MRT involves replacing defective mitochondria in a woman’s egg with healthy mitochondria from a donor, enabling women with mitochondrial mutations to have genetically related children without passing on these disorders.
Two primary methods used in MRT:
Maternal Spindle Transfer (MST), where the nuclear DNA from the mother’s unfertilized egg is transferred into a donor egg that has had its nuclear DNA removed but retains healthy mitochondria.
This reconstructed egg is then fertilized and implanted.
Pronuclear Transfer (PNT):-Both the mother’s and the donor’s eggs are fertilized with sperm.
Before the eggs begin dividing, the genetic material,pronuclei, from the donor zygote is removed and replaced by that from the mother’s zygote, resulting in an embryo with the parents’ nuclear DNA and the donor’s healthy mitochondria.
A newer method, **Polar Body Transfer is also under investigation.
MRT provides a reproductive option for women at risk of transmitting severe mitochondrial diseases.
Mitochondrial diseases are rare but can be debilitating or fatal and replacing mutated mitochondria, MRT can break the cycle of inheritance for these conditions.
MRT remains prohibited in the United States due to regulatory restrictions.
MRT introduces complex questions about the modification of germline DNA and creates embryos with genetic contributions from three people—two mothers (nuclear and mitochondrial DNA) and one father (nuclear DNA).
Mitochondrial replacement therapy represents a significant advance in reproductive medicine, offering hope to families affected by mitochondrial diseases while also raising important scientific and ethical discussions for the future.

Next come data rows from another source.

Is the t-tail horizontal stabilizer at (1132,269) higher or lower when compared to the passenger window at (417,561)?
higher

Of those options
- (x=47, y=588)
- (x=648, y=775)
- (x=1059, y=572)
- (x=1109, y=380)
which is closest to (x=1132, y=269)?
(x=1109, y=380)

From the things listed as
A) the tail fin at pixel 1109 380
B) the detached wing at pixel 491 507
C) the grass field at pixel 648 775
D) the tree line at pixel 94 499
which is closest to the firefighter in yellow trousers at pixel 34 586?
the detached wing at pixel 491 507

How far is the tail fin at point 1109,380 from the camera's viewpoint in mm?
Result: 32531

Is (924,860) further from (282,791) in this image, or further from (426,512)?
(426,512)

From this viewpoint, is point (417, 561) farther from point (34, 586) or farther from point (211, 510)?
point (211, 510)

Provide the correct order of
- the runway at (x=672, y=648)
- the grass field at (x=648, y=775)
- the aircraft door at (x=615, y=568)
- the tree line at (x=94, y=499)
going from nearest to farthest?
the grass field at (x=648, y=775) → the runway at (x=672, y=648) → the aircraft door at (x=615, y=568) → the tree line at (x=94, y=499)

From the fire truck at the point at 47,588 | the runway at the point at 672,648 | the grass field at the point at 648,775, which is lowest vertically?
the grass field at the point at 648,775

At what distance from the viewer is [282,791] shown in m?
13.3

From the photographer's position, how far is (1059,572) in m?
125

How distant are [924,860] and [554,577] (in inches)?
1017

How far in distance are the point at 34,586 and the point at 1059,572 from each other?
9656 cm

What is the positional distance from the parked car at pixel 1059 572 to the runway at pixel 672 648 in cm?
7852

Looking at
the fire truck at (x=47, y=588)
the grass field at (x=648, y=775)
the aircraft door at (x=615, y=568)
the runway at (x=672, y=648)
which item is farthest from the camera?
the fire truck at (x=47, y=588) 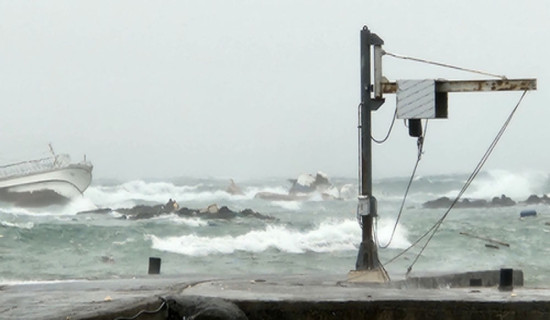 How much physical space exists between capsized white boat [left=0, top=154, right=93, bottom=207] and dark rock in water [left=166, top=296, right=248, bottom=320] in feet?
179

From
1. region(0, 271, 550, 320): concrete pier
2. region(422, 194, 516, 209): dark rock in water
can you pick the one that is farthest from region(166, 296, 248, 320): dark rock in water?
region(422, 194, 516, 209): dark rock in water

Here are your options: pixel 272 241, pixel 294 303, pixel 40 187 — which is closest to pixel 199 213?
pixel 272 241

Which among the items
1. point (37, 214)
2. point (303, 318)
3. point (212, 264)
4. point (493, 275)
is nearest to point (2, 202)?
point (37, 214)

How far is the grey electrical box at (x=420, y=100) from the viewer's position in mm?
13773

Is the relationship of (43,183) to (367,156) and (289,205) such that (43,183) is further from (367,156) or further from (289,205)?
(367,156)

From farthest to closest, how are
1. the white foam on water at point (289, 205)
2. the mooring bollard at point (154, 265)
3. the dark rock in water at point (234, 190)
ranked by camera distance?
the dark rock in water at point (234, 190) → the white foam on water at point (289, 205) → the mooring bollard at point (154, 265)

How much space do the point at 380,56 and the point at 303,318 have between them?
6.51 m

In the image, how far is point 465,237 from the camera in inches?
1859

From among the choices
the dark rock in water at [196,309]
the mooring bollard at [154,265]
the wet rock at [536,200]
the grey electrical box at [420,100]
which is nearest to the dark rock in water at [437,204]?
the wet rock at [536,200]

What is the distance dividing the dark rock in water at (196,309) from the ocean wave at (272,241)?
3113 cm

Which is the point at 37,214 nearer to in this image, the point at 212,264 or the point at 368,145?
the point at 212,264

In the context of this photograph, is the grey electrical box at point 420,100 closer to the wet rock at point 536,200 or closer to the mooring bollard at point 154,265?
the mooring bollard at point 154,265

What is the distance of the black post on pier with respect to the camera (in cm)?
1375

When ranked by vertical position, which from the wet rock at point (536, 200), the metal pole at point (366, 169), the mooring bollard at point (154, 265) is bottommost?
the mooring bollard at point (154, 265)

Mitochondrial replacement therapy techniques remove the nuclear DNA from an ooochte or a zygote carrying a pathogenic mtDNA variant and transfers them into a enucleated donor cell that provides wild type mtDNA.
This procedure provides hope for women with mtDNA disease who wish to have a biologically related child.
MRT often results in embryos with heteroplasmy, owing to a small but unavoidable amount of material mtDNA carryover during nuclear transfers, and this residual of contamination poses a risk of reversion.
The residual contamination poses a risk of reversion in which the carried over mtDNA expands and become a majority: metabolic disorders and development delays may occur in hetero plasmy.